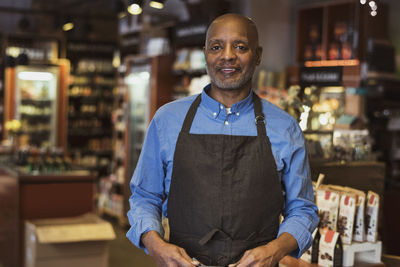 Portrait of smiling senior owner standing in store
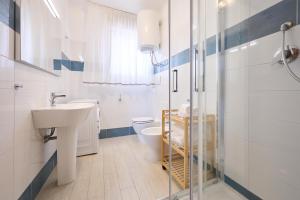 a white bathroom with a sink and a toilet at Residenze Etruria in San Vincenzo +58 photos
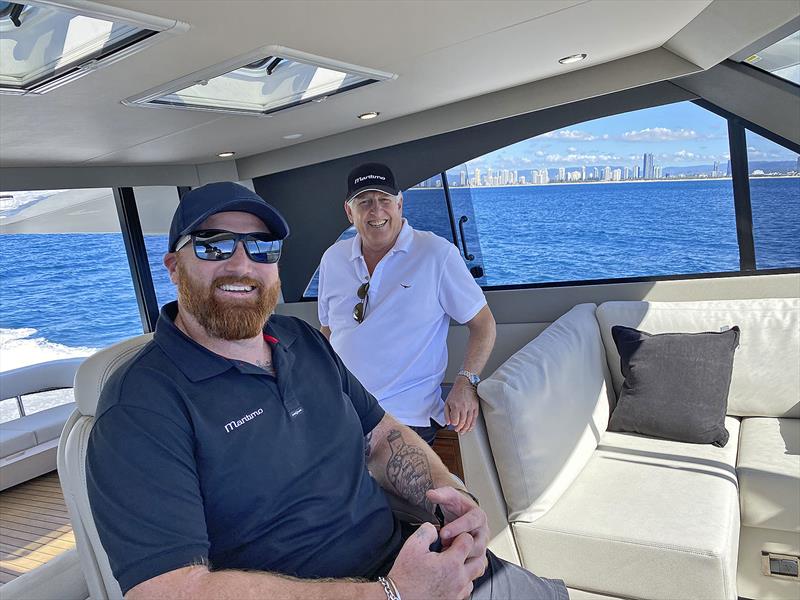 Look Mum. No Hands! Driving away and a quick chance to snap Maritimo's Isaac Marshall and Paul Wilson, as we highlight the brilliant vista windows - New Maritimo M55 photo copyright John Curnow taken at  and featuring the Power boat class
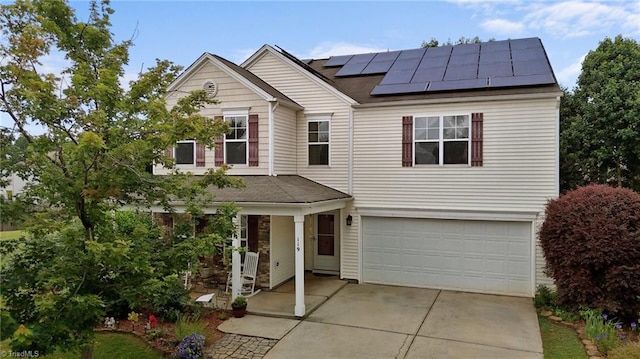119 Tadworth Ct, Mebane, NC 27302 - traditional-style house with roof mounted solar panels, a garage, driveway, and roof with shingles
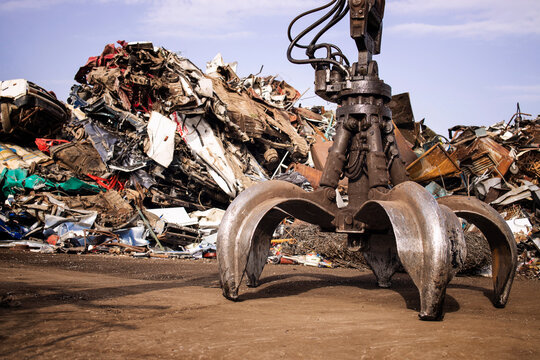 Metal junk yard with hydraulic lifting machine with claw attachment for scrap metal recycling.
* * *
* TASK DESCRIPTION
Quote the entries above word for word. Leave the images out.

* WRITTEN SOLUTION
 Portrait of smiling senior owner standing in store
 a white bathroom with a sink and a toilet at Residenze Etruria in San Vincenzo +58 photos
 Look Mum. No Hands! Driving away and a quick chance to snap Maritimo's Isaac Marshall and Paul Wilson, as we highlight the brilliant vista windows - New Maritimo M55 photo copyright John Curnow taken at  and featuring the Power boat class
119 Tadworth Ct, Mebane, NC 27302 - traditional-style house with roof mounted solar panels, a garage, driveway, and roof with shingles
 Metal junk yard with hydraulic lifting machine with claw attachment for scrap metal recycling.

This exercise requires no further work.